===== The data

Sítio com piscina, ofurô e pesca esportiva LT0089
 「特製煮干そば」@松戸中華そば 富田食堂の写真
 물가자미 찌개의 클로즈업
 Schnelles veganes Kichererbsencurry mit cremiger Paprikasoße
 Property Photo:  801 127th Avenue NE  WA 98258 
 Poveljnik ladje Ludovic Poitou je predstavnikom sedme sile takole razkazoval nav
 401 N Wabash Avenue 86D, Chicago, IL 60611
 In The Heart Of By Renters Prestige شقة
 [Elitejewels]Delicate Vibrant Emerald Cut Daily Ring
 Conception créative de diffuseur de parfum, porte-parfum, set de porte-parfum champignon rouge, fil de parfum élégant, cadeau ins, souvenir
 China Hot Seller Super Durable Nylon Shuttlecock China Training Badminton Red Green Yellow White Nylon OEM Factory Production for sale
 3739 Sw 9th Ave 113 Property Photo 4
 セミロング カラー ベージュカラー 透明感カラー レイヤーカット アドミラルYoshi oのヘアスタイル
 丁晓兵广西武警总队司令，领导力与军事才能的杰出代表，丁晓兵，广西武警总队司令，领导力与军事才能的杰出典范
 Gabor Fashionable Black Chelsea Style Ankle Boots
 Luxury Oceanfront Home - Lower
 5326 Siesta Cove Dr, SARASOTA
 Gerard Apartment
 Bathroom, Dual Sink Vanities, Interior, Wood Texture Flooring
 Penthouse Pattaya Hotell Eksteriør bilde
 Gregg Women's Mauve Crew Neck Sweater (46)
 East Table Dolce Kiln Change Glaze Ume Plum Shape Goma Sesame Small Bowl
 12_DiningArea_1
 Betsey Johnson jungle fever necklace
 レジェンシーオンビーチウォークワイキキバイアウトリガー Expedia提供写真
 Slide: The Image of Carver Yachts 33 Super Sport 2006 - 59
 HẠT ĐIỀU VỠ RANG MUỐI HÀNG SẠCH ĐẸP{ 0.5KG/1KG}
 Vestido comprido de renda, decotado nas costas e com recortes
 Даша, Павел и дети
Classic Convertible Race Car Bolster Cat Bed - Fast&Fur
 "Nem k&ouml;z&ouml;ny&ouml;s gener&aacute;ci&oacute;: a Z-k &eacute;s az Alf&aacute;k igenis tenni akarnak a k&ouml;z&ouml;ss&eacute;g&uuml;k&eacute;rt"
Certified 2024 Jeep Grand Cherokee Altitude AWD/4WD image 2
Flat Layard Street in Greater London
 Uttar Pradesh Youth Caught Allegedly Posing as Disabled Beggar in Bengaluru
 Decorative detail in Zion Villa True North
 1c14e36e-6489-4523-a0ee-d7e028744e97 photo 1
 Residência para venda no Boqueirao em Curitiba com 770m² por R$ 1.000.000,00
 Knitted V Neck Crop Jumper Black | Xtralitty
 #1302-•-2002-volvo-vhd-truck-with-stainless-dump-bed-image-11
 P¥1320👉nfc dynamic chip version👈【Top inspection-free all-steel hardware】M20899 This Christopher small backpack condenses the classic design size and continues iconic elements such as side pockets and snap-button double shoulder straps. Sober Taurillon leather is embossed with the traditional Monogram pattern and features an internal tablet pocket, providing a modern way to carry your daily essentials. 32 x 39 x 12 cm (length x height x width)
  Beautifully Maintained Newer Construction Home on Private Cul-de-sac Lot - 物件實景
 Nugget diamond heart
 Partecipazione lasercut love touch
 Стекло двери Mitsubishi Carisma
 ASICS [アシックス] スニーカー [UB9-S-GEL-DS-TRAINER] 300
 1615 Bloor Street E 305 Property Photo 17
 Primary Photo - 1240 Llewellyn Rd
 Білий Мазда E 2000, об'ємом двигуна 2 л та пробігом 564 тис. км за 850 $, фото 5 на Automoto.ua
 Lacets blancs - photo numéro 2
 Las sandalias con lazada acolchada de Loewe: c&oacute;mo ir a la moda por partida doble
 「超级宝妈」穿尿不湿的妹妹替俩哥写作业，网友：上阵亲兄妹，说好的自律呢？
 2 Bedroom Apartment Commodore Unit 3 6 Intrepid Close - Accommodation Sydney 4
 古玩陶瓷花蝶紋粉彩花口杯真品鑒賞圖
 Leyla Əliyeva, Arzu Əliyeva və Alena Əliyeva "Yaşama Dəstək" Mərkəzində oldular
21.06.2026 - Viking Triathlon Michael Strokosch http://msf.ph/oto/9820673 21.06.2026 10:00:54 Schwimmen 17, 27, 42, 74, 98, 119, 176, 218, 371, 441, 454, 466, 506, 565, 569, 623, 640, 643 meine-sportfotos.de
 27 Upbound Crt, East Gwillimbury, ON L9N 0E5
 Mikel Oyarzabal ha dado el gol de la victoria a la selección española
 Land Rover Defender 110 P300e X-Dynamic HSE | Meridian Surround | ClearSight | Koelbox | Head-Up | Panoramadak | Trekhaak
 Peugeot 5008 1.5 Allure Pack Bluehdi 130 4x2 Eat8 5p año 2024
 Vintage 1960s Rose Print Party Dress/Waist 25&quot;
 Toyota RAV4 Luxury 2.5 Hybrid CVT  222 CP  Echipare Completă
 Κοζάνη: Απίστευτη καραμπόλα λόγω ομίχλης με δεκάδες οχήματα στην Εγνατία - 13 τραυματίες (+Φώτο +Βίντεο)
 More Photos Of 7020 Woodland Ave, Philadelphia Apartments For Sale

==========

Aim of the task: Search the entries above for lines containing the word "Home", and copy each one.

Task solution:
 Luxury Oceanfront Home - Lower
  Beautifully Maintained Newer Construction Home on Private Cul-de-sac Lot - 物件實景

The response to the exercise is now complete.